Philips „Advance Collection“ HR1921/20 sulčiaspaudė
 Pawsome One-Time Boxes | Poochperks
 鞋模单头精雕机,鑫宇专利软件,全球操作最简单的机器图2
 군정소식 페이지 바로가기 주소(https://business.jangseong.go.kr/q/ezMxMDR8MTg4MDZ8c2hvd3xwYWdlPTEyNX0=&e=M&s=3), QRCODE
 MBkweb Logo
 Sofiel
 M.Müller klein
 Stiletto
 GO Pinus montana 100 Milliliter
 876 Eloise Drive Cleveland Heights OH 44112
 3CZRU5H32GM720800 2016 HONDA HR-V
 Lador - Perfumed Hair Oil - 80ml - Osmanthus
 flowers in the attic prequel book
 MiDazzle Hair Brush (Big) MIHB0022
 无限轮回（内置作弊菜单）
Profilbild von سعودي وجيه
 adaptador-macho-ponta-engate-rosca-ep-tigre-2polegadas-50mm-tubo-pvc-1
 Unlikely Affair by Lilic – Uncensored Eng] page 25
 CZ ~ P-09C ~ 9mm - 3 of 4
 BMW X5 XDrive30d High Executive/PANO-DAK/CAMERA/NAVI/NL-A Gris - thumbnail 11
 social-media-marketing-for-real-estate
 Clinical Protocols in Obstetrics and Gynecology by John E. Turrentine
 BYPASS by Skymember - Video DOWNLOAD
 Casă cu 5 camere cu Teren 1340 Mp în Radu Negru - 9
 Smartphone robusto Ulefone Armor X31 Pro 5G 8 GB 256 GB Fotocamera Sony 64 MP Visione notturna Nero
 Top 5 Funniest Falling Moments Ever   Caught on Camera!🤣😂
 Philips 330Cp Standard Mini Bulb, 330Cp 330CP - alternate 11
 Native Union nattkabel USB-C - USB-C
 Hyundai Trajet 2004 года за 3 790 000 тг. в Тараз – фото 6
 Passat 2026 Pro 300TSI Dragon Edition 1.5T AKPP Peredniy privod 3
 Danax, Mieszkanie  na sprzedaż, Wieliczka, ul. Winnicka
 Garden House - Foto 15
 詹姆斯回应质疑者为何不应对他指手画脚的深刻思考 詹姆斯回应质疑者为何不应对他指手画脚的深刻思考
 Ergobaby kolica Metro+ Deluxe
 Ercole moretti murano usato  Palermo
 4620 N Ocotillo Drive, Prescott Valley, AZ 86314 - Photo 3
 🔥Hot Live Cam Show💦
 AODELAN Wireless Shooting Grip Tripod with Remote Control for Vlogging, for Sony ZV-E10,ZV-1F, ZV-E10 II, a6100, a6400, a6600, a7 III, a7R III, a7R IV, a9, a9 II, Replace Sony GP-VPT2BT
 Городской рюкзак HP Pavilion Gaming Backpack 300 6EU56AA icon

########################################

Exercise aim: Count how many lines of the entries contain the word "Hair"; only the number should appear in the reply.

Solved problem: 2